Rather than formal user testing, we focused on design logic and flow validation:
- Ensuring that users could move effortlessly between related journeys; exploring, configuring, enquiring — without cognitive friction.
- Confirming that elements like sticky navigation, step trackers, and confirmation summaries consistently reinforced clarity and confidence.
- Reviewing interactive prototypes to validate that motion, transitions, and visual hierarchy made sense and guided attention intuitively.
Each small refinement, from button states and field behaviour to the emotional pacing of imagery and content, contributed to an experience that felt intuitive, connected, and grounded in real-world expectations.
Impact
The redesigned Mitsubishi Motors UK website delivered a clearer, more emotionally resonant user experience, transforming a once fragmented platform into a cohesive digital ecosystem. By harmonizing visual storytelling, intuitive navigation, and consistent interaction patterns, the new experience gave users a more natural and inspiring way to connect with the brand.
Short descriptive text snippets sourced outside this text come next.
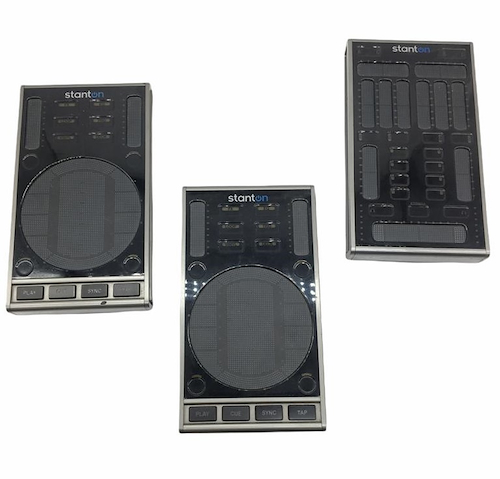 STANTON SCS3D x2 + SCS3M (OFERTA con detalles) Kit Controladores Tactiles DJ (2 Decks + 1 Mixer)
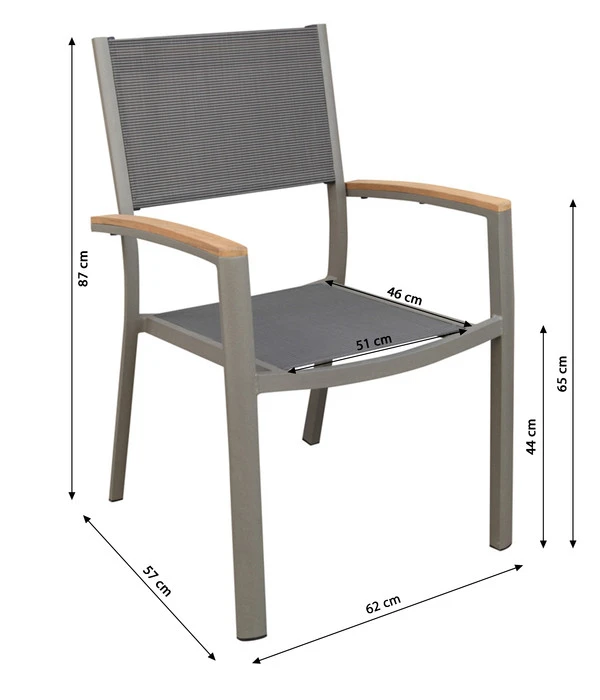 Dehner Stapelstuhl Colmar – Bild 5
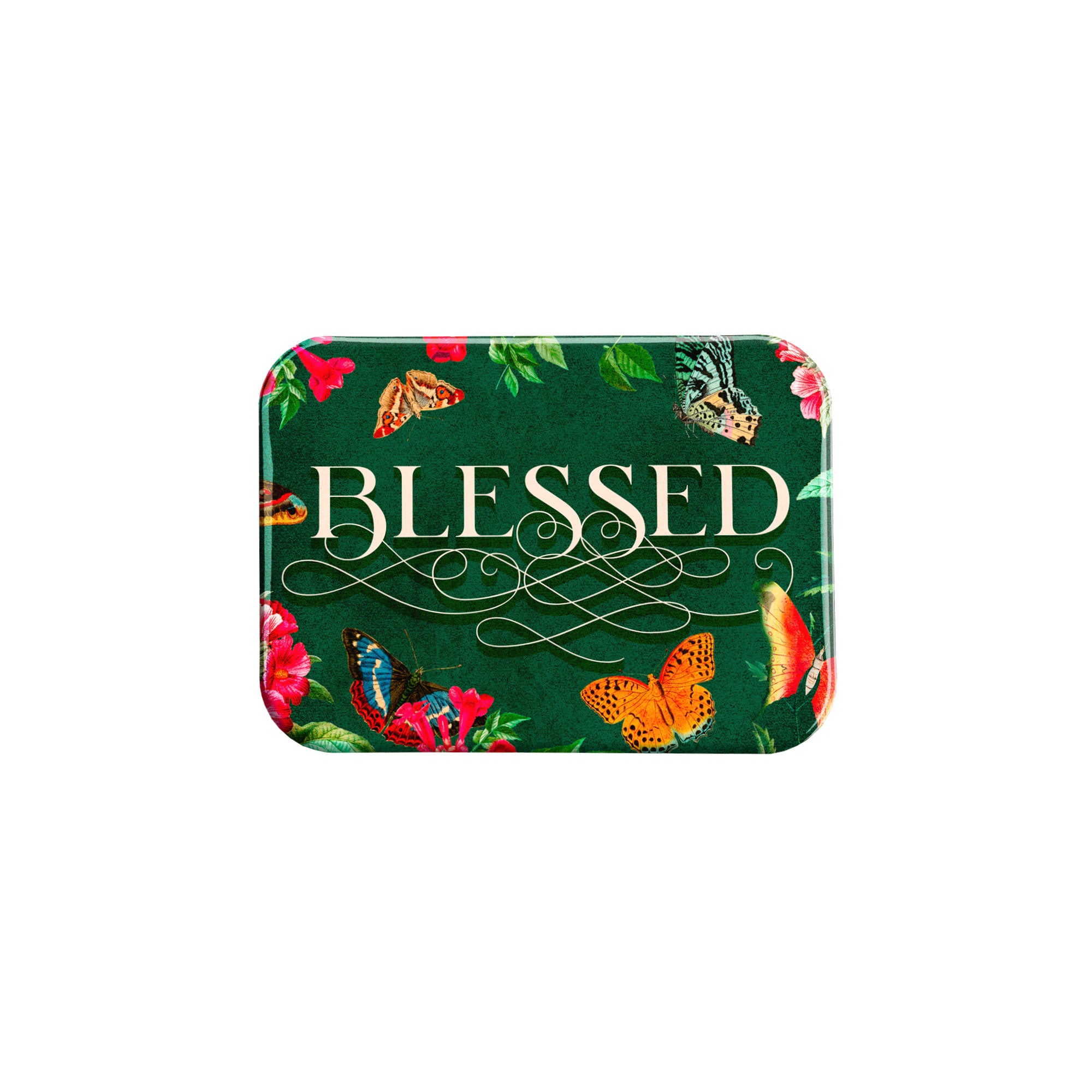 "Blessed Botanic Butteflies" - 2.5" X 3.5" Rectangle Fridge Magnets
While full post-launch analytics were handled internally, early indicators and stakeholder feedback showed meaningful improvements:
- Increased test drive bookings and brochure downloads, reflecting smoother conversion flows
- Higher engagement across car configuration journeys, with users spending more time exploring individual models and options.
- Stronger brand consistency across pages and devices, aligning Mitsubishi’s UK presence with its global standards.
- Positive feedback from internal teams and dealerships, who noted clearer customer journeys and reduced friction in lead generation.
Beyond metrics, the most significant impact was emotional — users could finally see, feel, and explore Mitsubishi’s cars online in a way that mirrored the physical experience of discovery. The redesign established a foundation for ongoing innovation, where design clarity and brand storytelling work together to inspire confidence and connection.
Reflection
This project reinforced the importance of designing for emotion as much as function. With a visually led experience, every decision needed to balance information with inspiration, revealing just enough detail to inform, without overwhelming the user or diluting the brand story.
It was about capturing the essence of each vehicle, its form, character, and purpose, and exposing the right information at the right moment in the journey. Too much specification risked turning the experience into data; too little, and the connection was lost. Finding that balance became an exercise in restraint and timing; in knowing when to show and when to let the user feel.
As Principal UX Designer, this project deepened my appreciation for how flow, narrative, and visual craft come together to shape brand emotion in the digital space. The outcome wasn’t just a more usable site, but a more human and memorable experience — one that truly let Mitsubishi’s cars come alive online.